In other words, even if AI could do everything CEOs claim, the next crisis would be executive capacity. But since AI cannot yet deliver on those promises, companies are left with fewer human workers doing the same work, often with less support. The result is burnout, lower-quality outputs, and missed deadlines.
Levie's advice to CEOs is to use AI "a ton"—not to replace workers, but to genuinely understand what the technology can and cannot do. Only by immersing themselves in the granular reality of AI's limitations can CEOs come out the other side with an appreciation for both the upside and the real work that remains. But right now, too many executives are skipping that step. They see a demo, imagine a future, and act on that vision without rigorous testing.

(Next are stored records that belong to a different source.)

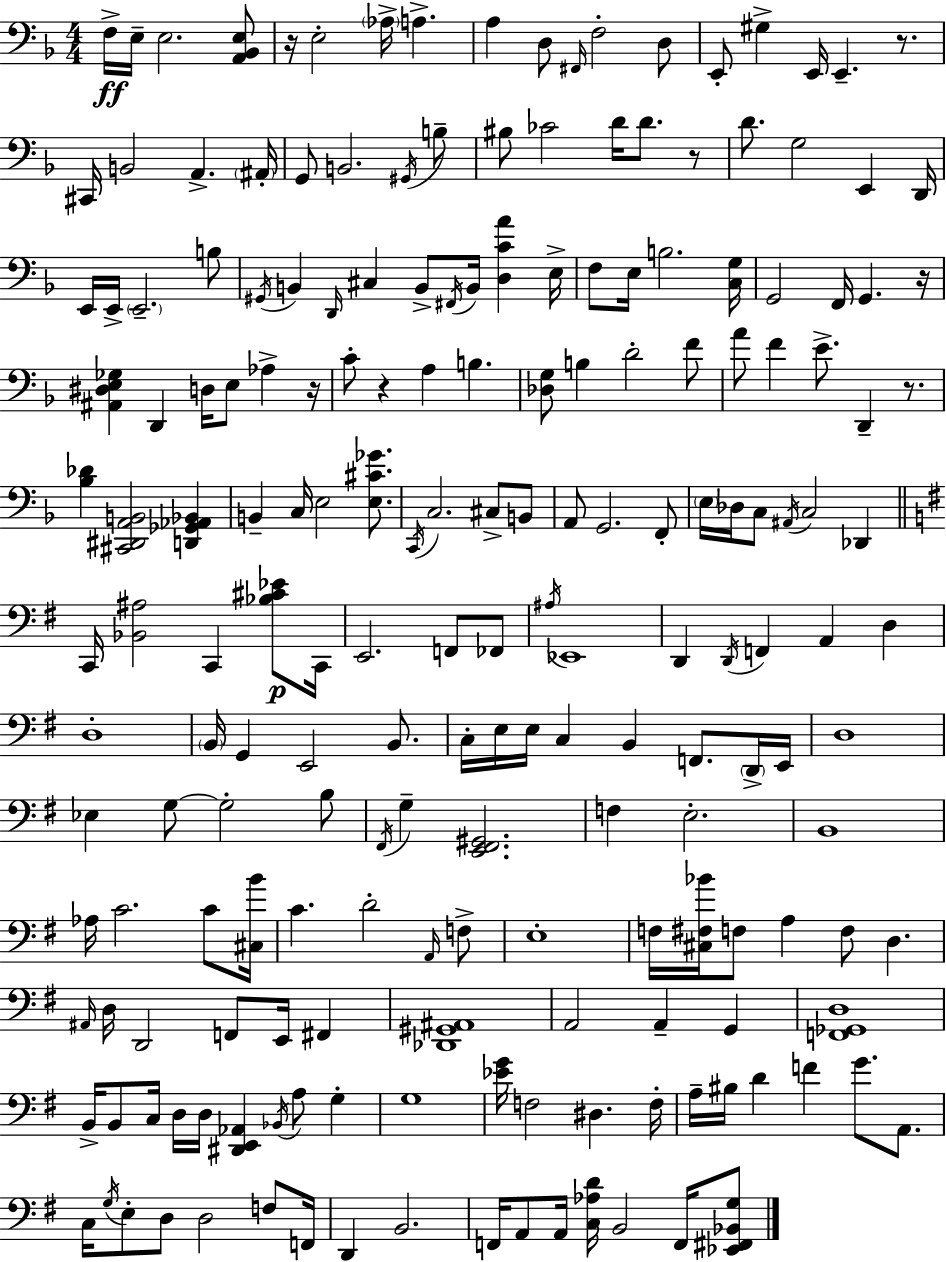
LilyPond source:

{
  \clef bass
  \numericTimeSignature
  \time 4/4
  \key f \major
  f16->\ff e16-- e2. <a, bes, e>8 | r16 e2-. \parenthesize aes16-> a4.-> | a4 d8 \grace { fis,16 } f2-. d8 | e,8-. gis4-> e,16 e,4.-- r8. | \break cis,16 b,2 a,4.-> | \parenthesize ais,16-. g,8 b,2. \acciaccatura { gis,16 } | b8-- bis8 ces'2 d'16 d'8. | r8 d'8. g2 e,4 | \break d,16 e,16 e,16-> \parenthesize e,2.-- | b8 \acciaccatura { gis,16 } b,4 \grace { d,16 } cis4 b,8-> \acciaccatura { fis,16 } b,16 | <d c' a'>4 e16-> f8 e16 b2. | <c g>16 g,2 f,16 g,4. | \break r16 <ais, dis e ges>4 d,4 d16 e8 | aes4-> r16 c'8-. r4 a4 b4. | <des g>8 b4 d'2-. | f'8 a'8 f'4 e'8.-> d,4-- | \break r8. <bes des'>4 <cis, dis, a, b,>2 | <d, ges, aes, bes,>4 b,4-- c16 e2 | <e cis' ges'>8. \acciaccatura { c,16 } c2. | cis8-> b,8 a,8 g,2. | \break f,8-. \parenthesize e16 des16 c8 \acciaccatura { ais,16 } c2 | des,4 \bar "||" \break \key g \major c,16 <bes, ais>2 c,4 <bes cis' ees'>8\p c,16 | e,2. f,8 fes,8 | \acciaccatura { ais16 } ees,1 | d,4 \acciaccatura { d,16 } f,4 a,4 d4 | \break d1-. | \parenthesize b,16 g,4 e,2 b,8. | c16-. e16 e16 c4 b,4 f,8. | \parenthesize d,16-> e,16 d1 | \break ees4 g8~~ g2-. | b8 \acciaccatura { fis,16 } g4-- <e, fis, gis,>2. | f4 e2.-. | b,1 | \break aes16 c'2. | c'8 <cis b'>16 c'4. d'2-. | \grace { a,16 } f8-> e1-. | f16 <cis fis bes'>16 f8 a4 f8 d4. | \break \grace { ais,16 } d16 d,2 f,8 | e,16 fis,4 <des, gis, ais,>1 | a,2 a,4-- | g,4 <f, ges, d>1 | \break b,16-> b,8 c16 d16 d16 <dis, e, aes,>4 \acciaccatura { bes,16 } | a8 g4-. g1 | <ees' g'>16 f2 dis4. | f16-. a16-- bis16 d'4 f'4 | \break g'8. a,8. c16 \acciaccatura { g16 } e8-. d8 d2 | f8 f,16 d,4 b,2. | f,16 a,8 a,16 <c aes d'>16 b,2 | f,16 <ees, fis, bes, g>8 \bar "|."
}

The tech industry has seen similar cycles before. In the early days of cloud computing, companies rushed to migrate and were shocked by runaway costs. But the current AI boom is different: it is happening at a time of record revenues for many tech giants, yet those records coincide with mass layoffs and a palpable anxiety among employees. The combination of financial success and workforce reduction is unprecedented, and the central driver is C-suite belief in AI's transformative power.
Until CEOs confront the data and the real-world limitations of AI, the industry will continue to experience "AI psychosis"—a collective delusion that leads to poor decisions, wasted resources, and unnecessary human suffering. The most likely outcome, if this trend continues, is not a utopia of 100x organizations but organizational chaos.